Even now, there isn't a reliable source of statistics on language usability according to region. No government agency interviews people in the US to determine which languages individuals know, so it is unknown how widely Swahili is spoken in the world. Instead, such numbers as exist (mostly at the hands of SIL) derive from guesswork, traditional language geography knowledge (they speak Logoori in Vihiga county, Kenya), available census data, and some theory of how to extrapolate from such figures to figures on "number of speakers of English (etc.)" in the world. The proposition that French was more widely spoken in the world than English 100+ years ago seems anecdotally reasonable, but not a solidly-established fact (for the preceding reasons). The status of Latin, Arabic, Persian, Mongolian, Chinese, Russian, Spanish, Egyptian etc. is scientifically unknown.

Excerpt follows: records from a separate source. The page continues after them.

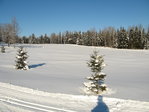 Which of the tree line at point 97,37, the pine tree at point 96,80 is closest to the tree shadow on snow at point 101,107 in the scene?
the pine tree at point 96,80

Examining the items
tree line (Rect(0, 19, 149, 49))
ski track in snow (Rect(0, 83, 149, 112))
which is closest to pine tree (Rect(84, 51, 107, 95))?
ski track in snow (Rect(0, 83, 149, 112))

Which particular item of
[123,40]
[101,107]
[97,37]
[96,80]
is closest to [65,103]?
[101,107]

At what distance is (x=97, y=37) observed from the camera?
306 feet

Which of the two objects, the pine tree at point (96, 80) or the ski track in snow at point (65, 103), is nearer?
the ski track in snow at point (65, 103)

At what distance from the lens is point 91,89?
14.5m

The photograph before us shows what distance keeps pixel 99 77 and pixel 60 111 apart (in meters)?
6.04

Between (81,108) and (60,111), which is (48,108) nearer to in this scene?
(60,111)

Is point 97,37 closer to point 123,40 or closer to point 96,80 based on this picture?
point 123,40

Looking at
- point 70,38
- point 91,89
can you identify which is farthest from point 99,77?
point 70,38

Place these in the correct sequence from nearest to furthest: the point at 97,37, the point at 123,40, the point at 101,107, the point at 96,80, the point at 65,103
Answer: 1. the point at 101,107
2. the point at 65,103
3. the point at 96,80
4. the point at 123,40
5. the point at 97,37

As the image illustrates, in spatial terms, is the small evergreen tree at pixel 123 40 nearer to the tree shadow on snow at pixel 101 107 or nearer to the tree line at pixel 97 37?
the tree line at pixel 97 37

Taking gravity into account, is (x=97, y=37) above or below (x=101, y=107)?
above

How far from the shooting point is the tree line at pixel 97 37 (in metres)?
69.3

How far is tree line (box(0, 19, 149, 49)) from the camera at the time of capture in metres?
69.3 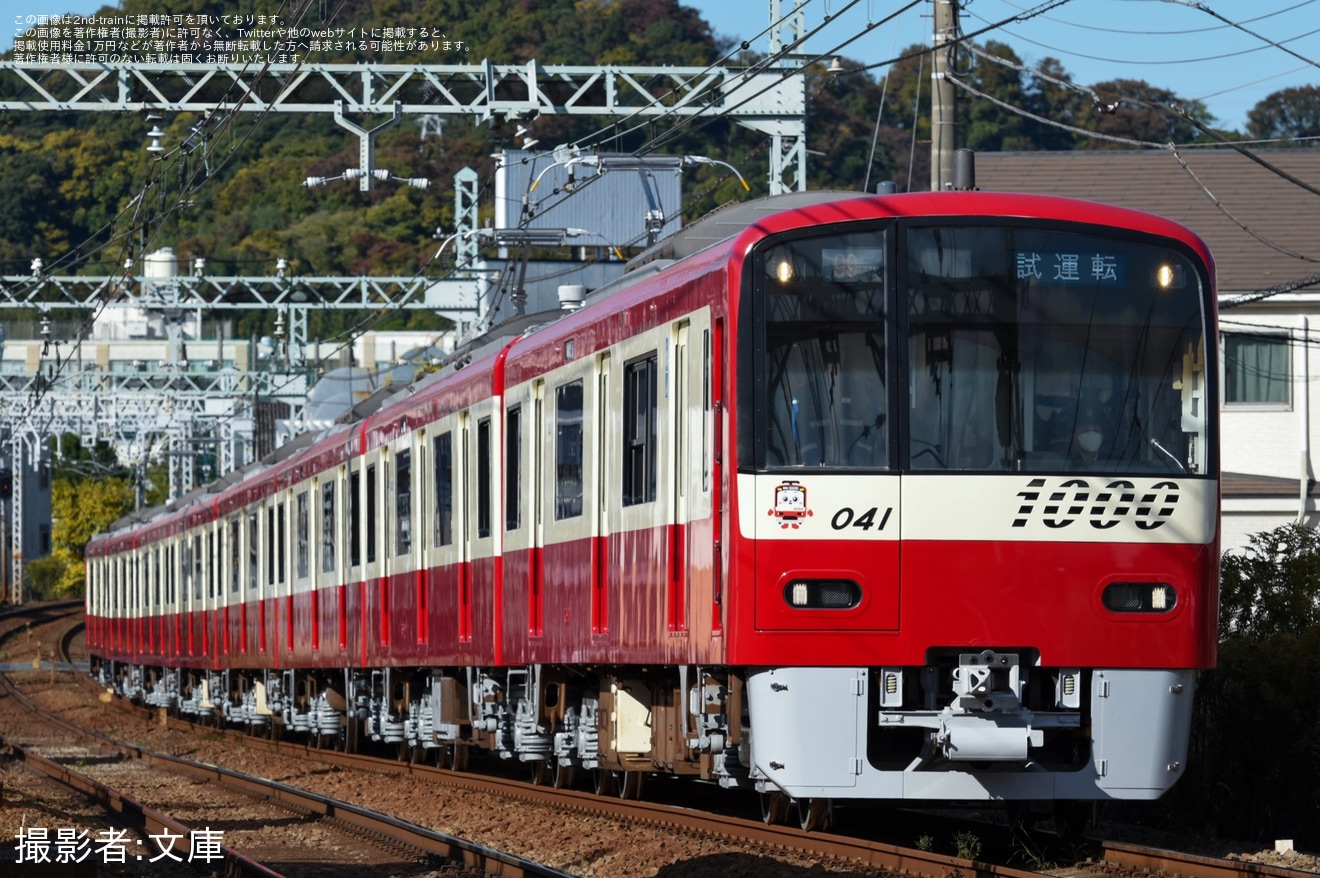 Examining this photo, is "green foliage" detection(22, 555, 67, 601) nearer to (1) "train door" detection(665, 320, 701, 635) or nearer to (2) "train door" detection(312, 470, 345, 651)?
(2) "train door" detection(312, 470, 345, 651)

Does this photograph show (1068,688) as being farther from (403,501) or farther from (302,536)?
(302,536)

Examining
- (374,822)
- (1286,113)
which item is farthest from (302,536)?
(1286,113)

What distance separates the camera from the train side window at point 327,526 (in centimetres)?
1880

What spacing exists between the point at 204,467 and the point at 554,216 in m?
34.9

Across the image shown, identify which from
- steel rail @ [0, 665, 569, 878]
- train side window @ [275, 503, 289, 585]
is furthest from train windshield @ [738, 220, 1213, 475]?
train side window @ [275, 503, 289, 585]

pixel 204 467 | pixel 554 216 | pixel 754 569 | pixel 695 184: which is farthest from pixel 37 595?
pixel 754 569

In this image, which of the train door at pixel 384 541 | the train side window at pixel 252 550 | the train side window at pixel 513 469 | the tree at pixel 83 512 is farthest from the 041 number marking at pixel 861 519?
the tree at pixel 83 512

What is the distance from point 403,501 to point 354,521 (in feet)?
6.02

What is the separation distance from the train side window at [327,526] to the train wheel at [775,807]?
28.6 feet

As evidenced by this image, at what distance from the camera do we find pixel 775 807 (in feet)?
34.2

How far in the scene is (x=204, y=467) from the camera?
239ft

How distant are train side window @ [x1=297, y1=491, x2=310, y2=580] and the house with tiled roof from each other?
947 cm

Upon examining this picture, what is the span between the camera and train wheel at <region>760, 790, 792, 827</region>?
10367 mm

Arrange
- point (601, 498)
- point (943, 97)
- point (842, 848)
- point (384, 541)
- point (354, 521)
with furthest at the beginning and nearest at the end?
point (354, 521) → point (384, 541) → point (943, 97) → point (601, 498) → point (842, 848) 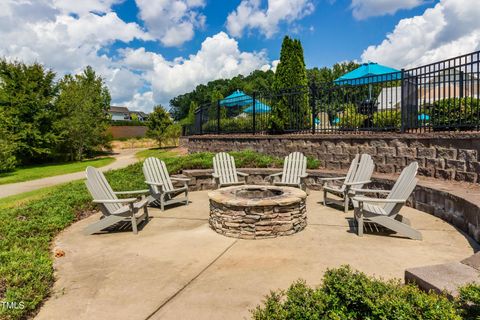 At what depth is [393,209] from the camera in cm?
480

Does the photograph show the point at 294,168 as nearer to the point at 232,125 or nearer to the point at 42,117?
the point at 232,125

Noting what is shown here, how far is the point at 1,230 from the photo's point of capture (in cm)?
492

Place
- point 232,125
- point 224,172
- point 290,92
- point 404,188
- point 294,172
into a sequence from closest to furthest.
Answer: point 404,188
point 294,172
point 224,172
point 290,92
point 232,125

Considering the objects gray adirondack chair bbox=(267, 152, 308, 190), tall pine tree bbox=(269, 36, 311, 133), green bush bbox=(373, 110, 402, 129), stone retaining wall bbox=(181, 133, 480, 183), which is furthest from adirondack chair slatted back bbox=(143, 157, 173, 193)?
green bush bbox=(373, 110, 402, 129)

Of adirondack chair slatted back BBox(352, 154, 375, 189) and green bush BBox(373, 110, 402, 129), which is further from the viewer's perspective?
green bush BBox(373, 110, 402, 129)

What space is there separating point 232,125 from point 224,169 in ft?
16.6

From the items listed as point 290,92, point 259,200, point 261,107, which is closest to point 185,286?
point 259,200

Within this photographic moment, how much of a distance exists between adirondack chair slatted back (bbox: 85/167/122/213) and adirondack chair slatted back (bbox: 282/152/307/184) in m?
3.99

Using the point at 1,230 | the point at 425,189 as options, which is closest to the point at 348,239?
the point at 425,189

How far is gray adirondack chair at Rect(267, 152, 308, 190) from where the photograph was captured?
25.1 feet

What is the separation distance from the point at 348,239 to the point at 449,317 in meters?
2.87

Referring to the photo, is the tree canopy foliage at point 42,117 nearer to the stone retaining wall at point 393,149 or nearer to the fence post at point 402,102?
the stone retaining wall at point 393,149

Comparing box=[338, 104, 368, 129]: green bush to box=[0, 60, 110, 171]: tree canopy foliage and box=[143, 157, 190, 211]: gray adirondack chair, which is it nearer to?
box=[143, 157, 190, 211]: gray adirondack chair

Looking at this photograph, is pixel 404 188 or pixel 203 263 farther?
pixel 404 188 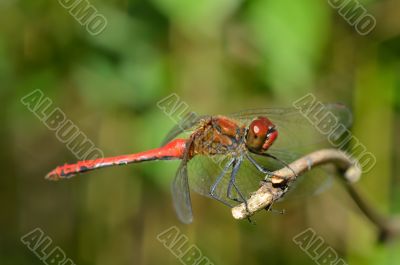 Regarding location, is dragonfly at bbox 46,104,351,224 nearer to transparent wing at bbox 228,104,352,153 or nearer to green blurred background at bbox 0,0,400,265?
transparent wing at bbox 228,104,352,153

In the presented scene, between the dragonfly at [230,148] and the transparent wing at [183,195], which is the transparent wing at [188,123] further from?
the transparent wing at [183,195]

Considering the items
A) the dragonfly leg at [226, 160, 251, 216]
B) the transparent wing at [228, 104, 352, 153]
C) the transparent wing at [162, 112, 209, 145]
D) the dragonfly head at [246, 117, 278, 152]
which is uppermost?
the transparent wing at [228, 104, 352, 153]

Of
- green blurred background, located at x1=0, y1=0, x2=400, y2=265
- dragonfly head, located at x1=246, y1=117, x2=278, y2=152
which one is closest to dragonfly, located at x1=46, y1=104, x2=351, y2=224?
dragonfly head, located at x1=246, y1=117, x2=278, y2=152

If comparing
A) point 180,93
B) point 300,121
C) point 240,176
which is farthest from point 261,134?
point 180,93

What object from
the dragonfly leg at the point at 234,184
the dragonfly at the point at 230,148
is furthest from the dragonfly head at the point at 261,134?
the dragonfly leg at the point at 234,184

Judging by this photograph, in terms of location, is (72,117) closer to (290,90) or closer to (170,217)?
(170,217)

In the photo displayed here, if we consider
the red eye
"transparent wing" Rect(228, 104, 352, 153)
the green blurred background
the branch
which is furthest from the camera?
the green blurred background

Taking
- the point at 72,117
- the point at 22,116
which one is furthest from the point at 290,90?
the point at 22,116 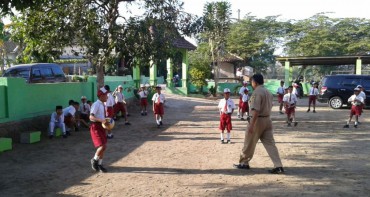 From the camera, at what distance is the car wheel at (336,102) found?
20.4 meters

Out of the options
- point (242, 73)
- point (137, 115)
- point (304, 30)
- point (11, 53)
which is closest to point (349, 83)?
point (137, 115)

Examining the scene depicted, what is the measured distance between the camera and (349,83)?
2005cm

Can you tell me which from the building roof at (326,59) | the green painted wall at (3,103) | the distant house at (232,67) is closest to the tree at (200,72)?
the building roof at (326,59)

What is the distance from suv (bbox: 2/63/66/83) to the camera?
→ 14.9 metres

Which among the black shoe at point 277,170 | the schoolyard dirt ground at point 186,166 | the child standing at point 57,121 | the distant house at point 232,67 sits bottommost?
the schoolyard dirt ground at point 186,166

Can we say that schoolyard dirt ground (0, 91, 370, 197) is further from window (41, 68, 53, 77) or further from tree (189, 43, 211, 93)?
tree (189, 43, 211, 93)

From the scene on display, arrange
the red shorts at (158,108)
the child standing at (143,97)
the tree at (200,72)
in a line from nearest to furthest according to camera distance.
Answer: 1. the red shorts at (158,108)
2. the child standing at (143,97)
3. the tree at (200,72)

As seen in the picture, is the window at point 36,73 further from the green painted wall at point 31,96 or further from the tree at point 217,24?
the tree at point 217,24

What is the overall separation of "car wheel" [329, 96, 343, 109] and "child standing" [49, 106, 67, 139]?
585 inches

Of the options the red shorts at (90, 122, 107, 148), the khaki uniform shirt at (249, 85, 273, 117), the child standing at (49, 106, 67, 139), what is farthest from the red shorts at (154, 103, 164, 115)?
the khaki uniform shirt at (249, 85, 273, 117)

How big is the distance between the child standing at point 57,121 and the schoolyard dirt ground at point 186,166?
33cm

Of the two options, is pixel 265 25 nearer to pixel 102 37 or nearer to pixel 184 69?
pixel 184 69

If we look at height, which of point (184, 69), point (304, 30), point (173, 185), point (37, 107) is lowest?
point (173, 185)

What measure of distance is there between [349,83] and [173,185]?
1652cm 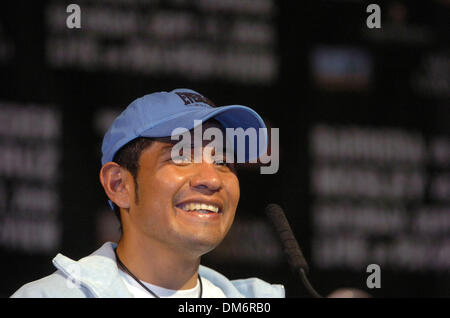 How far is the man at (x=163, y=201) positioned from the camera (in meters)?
1.34

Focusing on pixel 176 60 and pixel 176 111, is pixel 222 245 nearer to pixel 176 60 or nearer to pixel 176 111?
pixel 176 60

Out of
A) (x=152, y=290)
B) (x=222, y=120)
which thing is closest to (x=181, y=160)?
(x=222, y=120)

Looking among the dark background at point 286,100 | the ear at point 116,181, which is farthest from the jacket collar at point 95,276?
the dark background at point 286,100

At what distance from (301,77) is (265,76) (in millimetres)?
146

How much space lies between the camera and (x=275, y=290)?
1.53 m

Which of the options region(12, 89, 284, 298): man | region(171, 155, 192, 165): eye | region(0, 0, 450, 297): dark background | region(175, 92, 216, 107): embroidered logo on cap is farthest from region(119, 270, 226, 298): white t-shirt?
region(0, 0, 450, 297): dark background

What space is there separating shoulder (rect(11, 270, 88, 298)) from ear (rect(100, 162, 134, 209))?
0.24 meters

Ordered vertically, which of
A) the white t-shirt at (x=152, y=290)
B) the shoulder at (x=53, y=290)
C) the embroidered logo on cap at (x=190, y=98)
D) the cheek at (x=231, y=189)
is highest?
the embroidered logo on cap at (x=190, y=98)

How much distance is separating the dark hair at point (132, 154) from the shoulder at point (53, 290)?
0.80ft

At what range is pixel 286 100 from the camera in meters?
2.44

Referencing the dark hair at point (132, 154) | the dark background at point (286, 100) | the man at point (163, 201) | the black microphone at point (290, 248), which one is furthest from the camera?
the dark background at point (286, 100)

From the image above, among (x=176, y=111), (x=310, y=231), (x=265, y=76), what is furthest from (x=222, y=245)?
(x=176, y=111)

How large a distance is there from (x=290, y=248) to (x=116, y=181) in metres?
0.45

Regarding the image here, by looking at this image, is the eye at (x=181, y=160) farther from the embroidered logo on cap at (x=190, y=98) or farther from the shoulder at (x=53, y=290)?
the shoulder at (x=53, y=290) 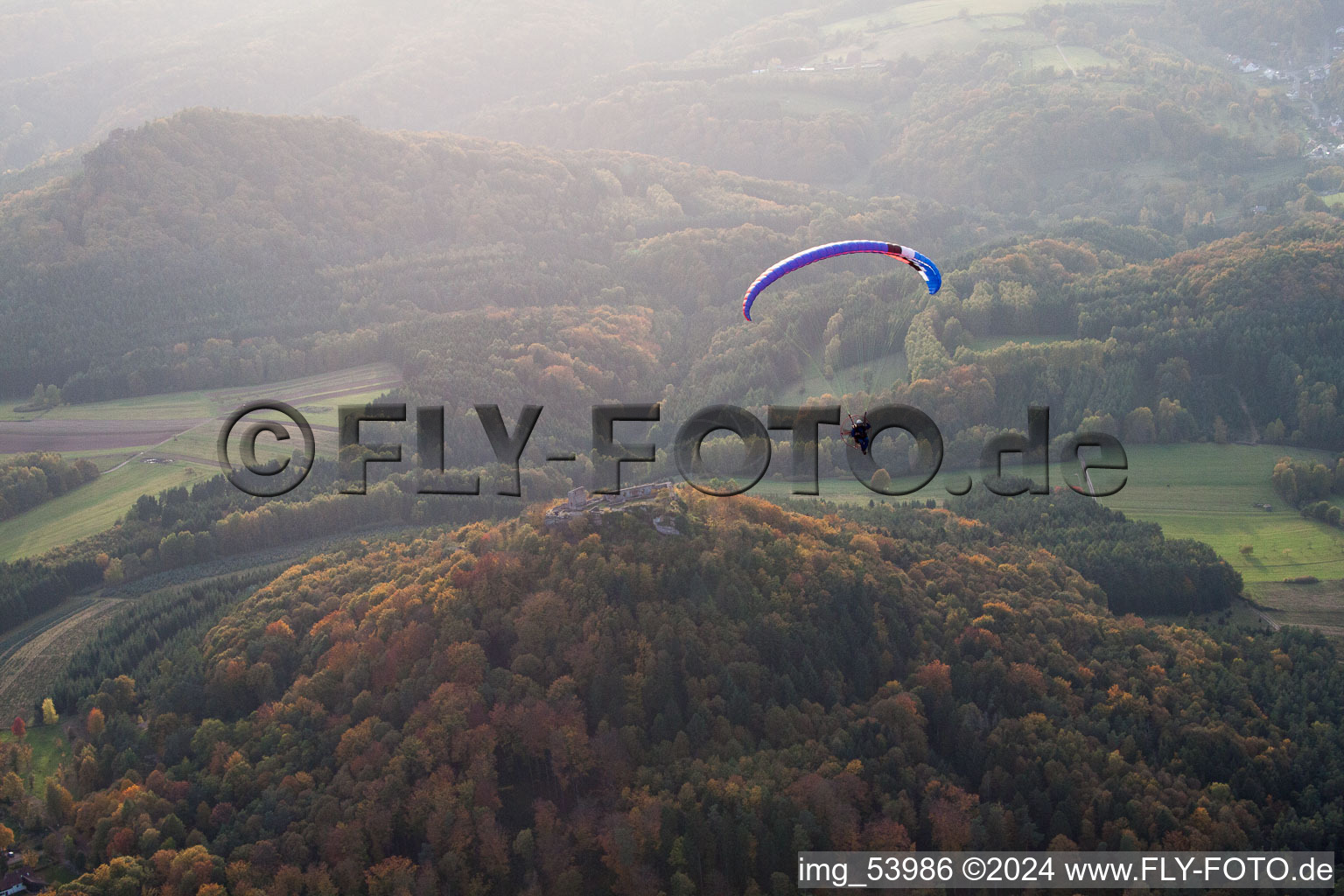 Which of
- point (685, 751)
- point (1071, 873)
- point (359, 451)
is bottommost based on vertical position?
point (1071, 873)

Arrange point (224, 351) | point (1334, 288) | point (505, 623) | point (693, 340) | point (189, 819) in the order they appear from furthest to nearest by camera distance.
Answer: point (693, 340) < point (224, 351) < point (1334, 288) < point (505, 623) < point (189, 819)

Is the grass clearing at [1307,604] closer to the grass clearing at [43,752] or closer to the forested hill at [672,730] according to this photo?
the forested hill at [672,730]

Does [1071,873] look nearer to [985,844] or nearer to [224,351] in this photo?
[985,844]

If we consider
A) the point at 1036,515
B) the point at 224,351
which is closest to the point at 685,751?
the point at 1036,515

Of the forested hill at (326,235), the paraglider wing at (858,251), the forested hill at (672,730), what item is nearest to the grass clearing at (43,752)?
the forested hill at (672,730)

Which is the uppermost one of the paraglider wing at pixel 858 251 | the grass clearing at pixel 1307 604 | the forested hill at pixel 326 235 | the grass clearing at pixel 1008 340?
the forested hill at pixel 326 235

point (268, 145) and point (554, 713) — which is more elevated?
point (268, 145) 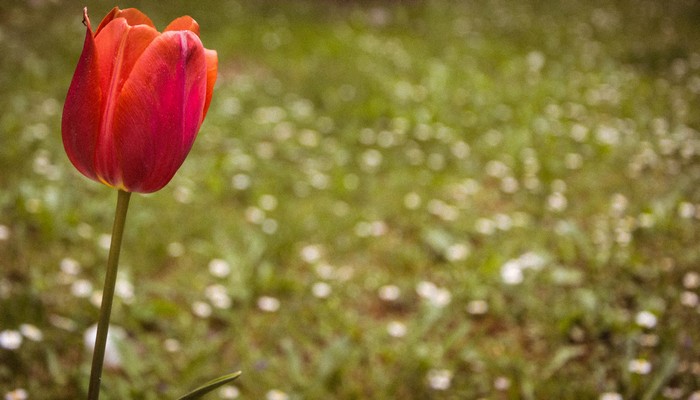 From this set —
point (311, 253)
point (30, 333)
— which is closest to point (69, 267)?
point (30, 333)

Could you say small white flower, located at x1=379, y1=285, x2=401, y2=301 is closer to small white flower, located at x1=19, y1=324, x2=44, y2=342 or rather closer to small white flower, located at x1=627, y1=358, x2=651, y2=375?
small white flower, located at x1=627, y1=358, x2=651, y2=375

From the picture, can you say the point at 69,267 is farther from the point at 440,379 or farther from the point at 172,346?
the point at 440,379

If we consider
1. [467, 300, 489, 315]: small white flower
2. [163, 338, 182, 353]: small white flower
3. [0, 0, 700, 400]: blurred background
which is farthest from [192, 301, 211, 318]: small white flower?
[467, 300, 489, 315]: small white flower

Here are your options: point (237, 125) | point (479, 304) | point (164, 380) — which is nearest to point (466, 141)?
point (237, 125)

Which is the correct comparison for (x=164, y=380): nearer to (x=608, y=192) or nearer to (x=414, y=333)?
(x=414, y=333)

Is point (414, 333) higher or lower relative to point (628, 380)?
higher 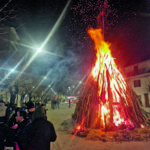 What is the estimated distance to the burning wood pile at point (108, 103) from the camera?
7.62m

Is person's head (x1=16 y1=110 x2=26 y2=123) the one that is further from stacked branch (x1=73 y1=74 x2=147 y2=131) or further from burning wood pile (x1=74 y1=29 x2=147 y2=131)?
stacked branch (x1=73 y1=74 x2=147 y2=131)

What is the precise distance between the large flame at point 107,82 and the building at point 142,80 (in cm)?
1432

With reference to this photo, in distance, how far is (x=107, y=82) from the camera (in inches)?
340

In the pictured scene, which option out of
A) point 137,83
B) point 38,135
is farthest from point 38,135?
point 137,83

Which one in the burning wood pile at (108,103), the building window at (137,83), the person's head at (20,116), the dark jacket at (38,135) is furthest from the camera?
the building window at (137,83)

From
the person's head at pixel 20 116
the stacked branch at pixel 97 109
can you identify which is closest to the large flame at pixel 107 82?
the stacked branch at pixel 97 109

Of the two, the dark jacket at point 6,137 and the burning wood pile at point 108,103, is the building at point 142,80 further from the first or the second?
the dark jacket at point 6,137

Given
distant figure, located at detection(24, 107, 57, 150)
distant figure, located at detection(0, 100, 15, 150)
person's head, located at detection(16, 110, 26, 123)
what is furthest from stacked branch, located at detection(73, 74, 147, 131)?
distant figure, located at detection(0, 100, 15, 150)

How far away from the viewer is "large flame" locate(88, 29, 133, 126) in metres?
7.83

If the question size is about the land area in which one is likely to be able to find a speaker of that language, the best obtainable proxy measure would be the size of historical empires. The Mongol Empire was huge, even bigger than the Russian Empire, so it is likely that speakers of Mongolian were very widely distributed in the past. It is important to recognize that the Mongol empire was not mono-ethnic even if it was organized by Mongolian speakers, so it is not clear how Mongolian vs. Turkic would compare. But again, if the concern is just geographical area and not density of speakers, Mongolian would be in second position, Russian in third position, Chinese, Spanish, French, Arabic. An alternate metric would be to try to quantify influence in trade, or resistance to assimilation. Hindi is spoken throughout the globe and is retained for generations, but not because of the expansion of a Hindi-speaking empire.
But as I say, getting good statistics on the question is really impossible.